(Captioned web image data)

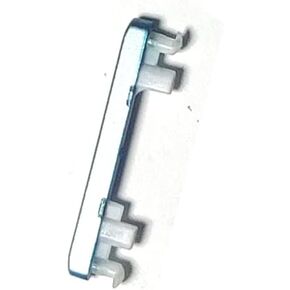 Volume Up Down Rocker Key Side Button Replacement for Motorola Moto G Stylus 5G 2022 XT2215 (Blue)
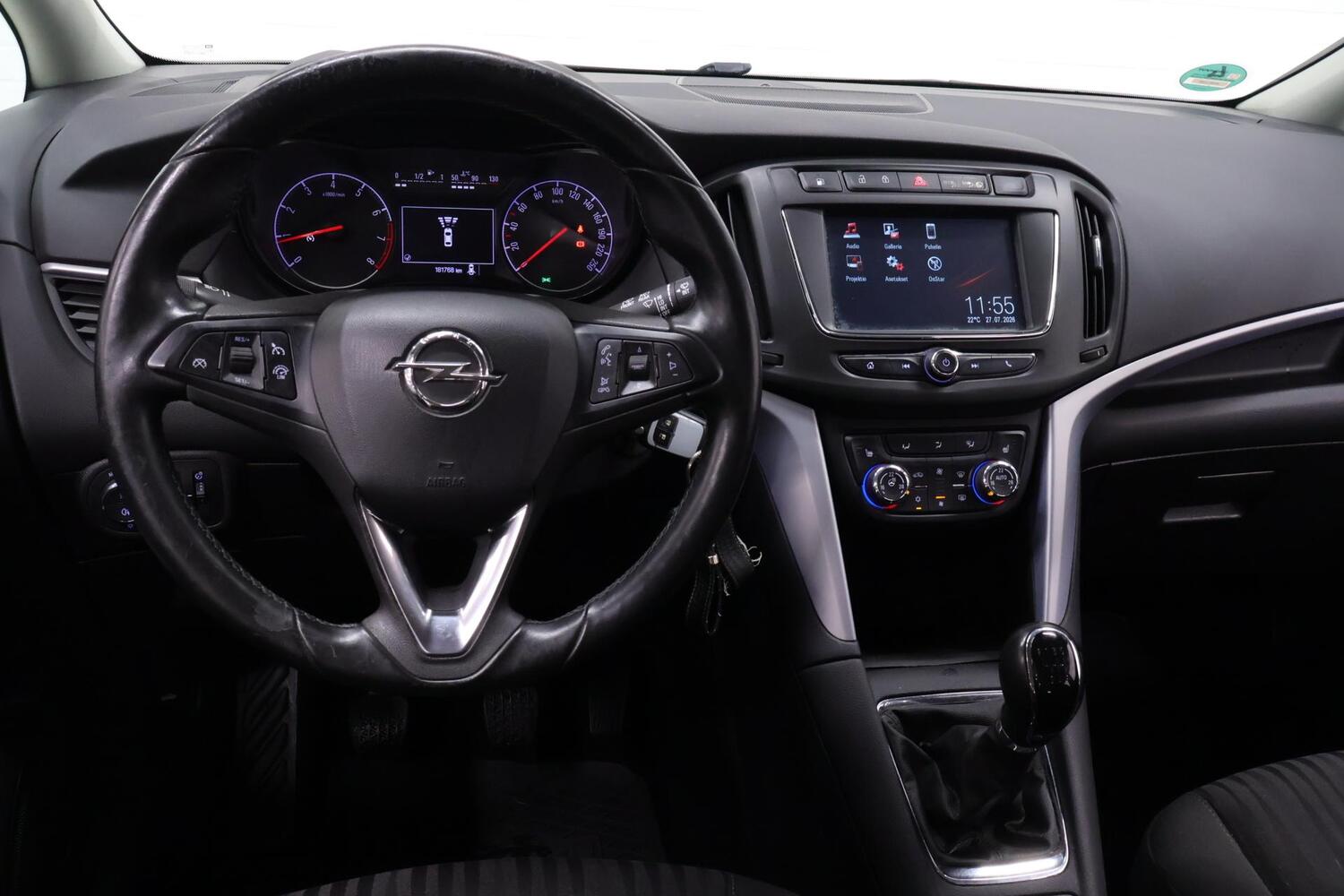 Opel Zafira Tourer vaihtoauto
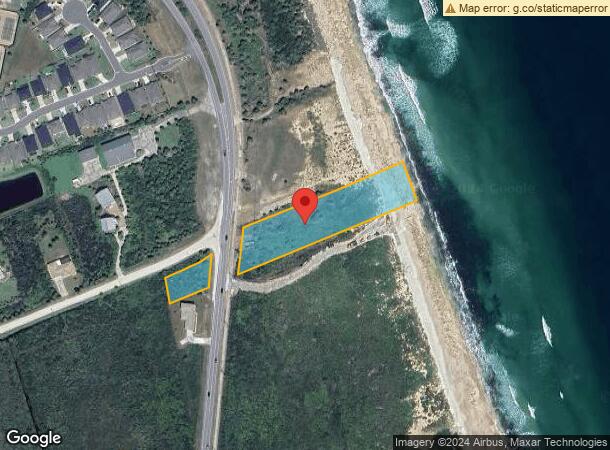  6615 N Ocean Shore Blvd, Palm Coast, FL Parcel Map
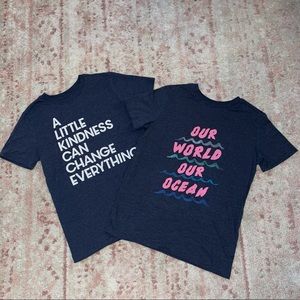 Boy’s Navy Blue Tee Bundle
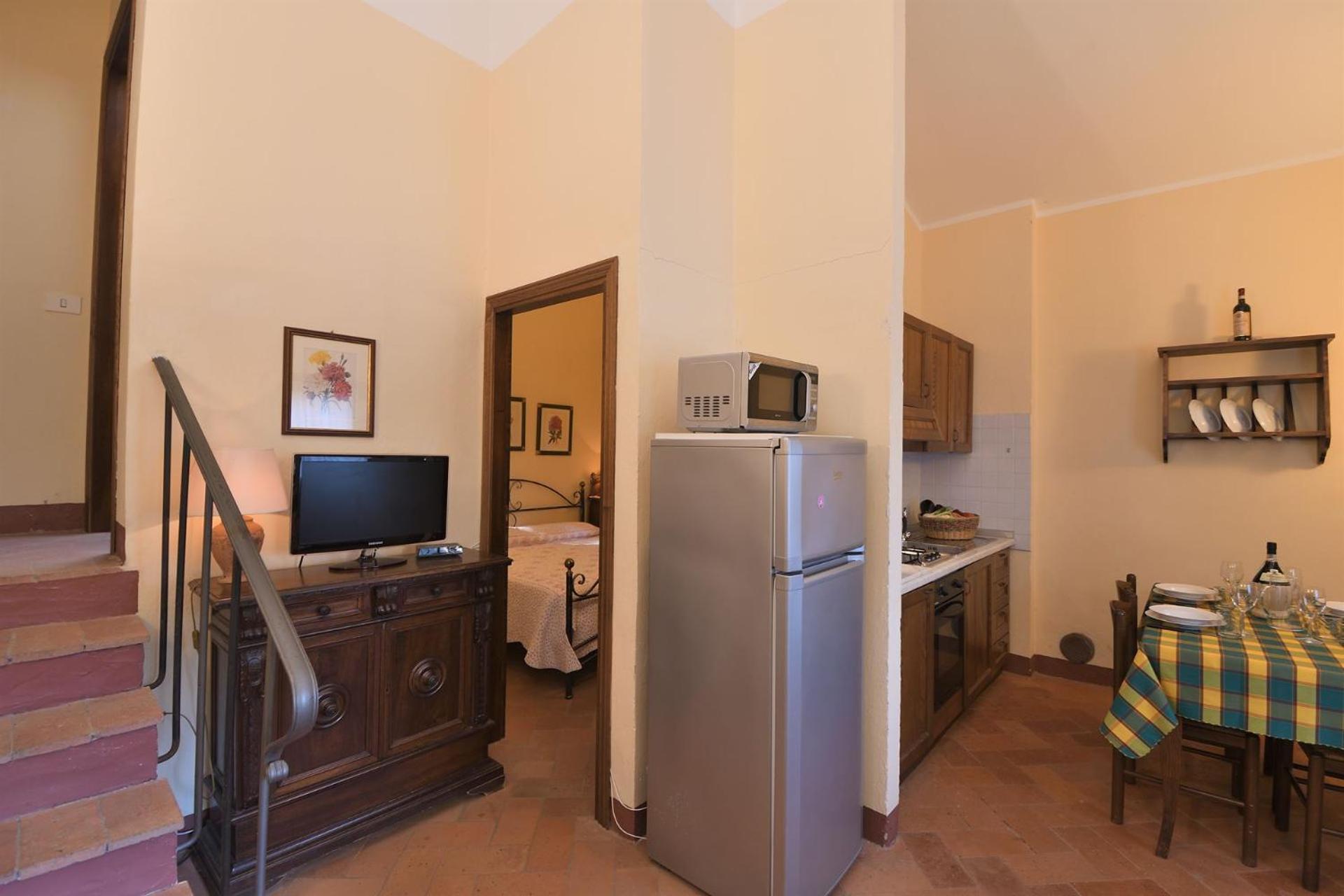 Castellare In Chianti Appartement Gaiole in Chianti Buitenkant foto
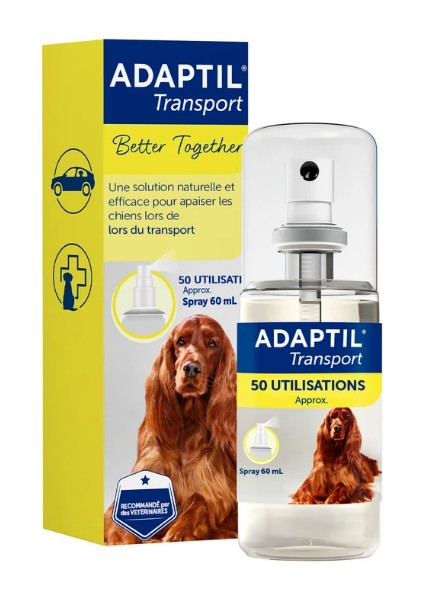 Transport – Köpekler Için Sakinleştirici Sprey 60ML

**About this task**
Please reproduce the lines above from the one containing "Boy’s Navy Blue Tee Bundle" through the final line, exactly and inclusively, leaving out each picture.

**Written solution**
 Boy’s Navy Blue Tee Bundle
 Castellare In Chianti Appartement Gaiole in Chianti Buitenkant foto
 Transport – Köpekler Için Sakinleştirici Sprey 60ML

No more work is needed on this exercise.